Baby… you’re everywhere.

August 27, 2012 § Leave a comment

Baby… you’re everywhere.

I miss you. I really do. Time moves forward but my heart is scarred.

I think about you when I look in the mirror, when I wake up in the middle of the night. I cry when I drive past the cemetery – I can’t help it. I think about you when I look at Taka; we think of you when we hold each other. I think of you when I have good days, and when I have bad days – you are everywhere.

I’ve finally felt physically fit enough to get back into exercise. I started kickboxing training. I think about the anger of losing you when I smash the Thai pads. I think about you giving me strength when I’m in the burning last seconds of a 1-minute plank. Your name sticks out of my hand wraps and I channel everything you were and continue to be every time I clench my fist. You give me strength.

I started swimming again and when I’m in the water, I’m in heaven.
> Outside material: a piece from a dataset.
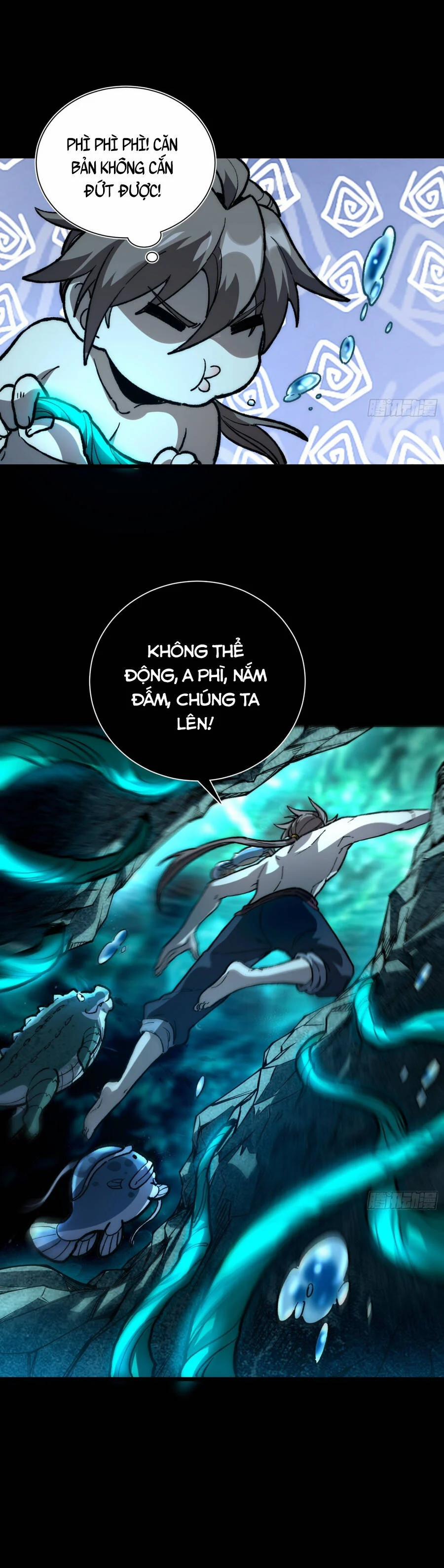 Thành Thần Bắt Đầu Từ Thủy Hầu Tử 28 trang 7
I missed swimming when I was pregnant with you – doctors had given me mixed opinions on swimming in the first trimester, so I had opted not to swim. I’m pushing myself every time – more laps, more intensity. I’m getting stronger.
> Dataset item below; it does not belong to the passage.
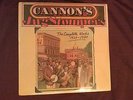 Gus Cannon's Jug Stompers 2 LP SEALED * THE COMPLETE WORKS 1927-1930 BLUES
The other day I bumped into my mate at the pools. I hadn’t seen her since the funeral. We hung out in the deep end, catching up. Her sweet six year old son took the opportunity to ask me, “Aunty… your baby died, aye?”, I paused but responded “Yeah, he did…” He continued, “how come your baby died?” and I said, “I don’t know… no one knows, sometimes babies die… it’s sad.” He agreed, then continued splashing around. I couldn’t wait to put my head under the water after that confronting, honest interaction. I love the way children ask questions. But it just reminded me, baby – you’re everywhere.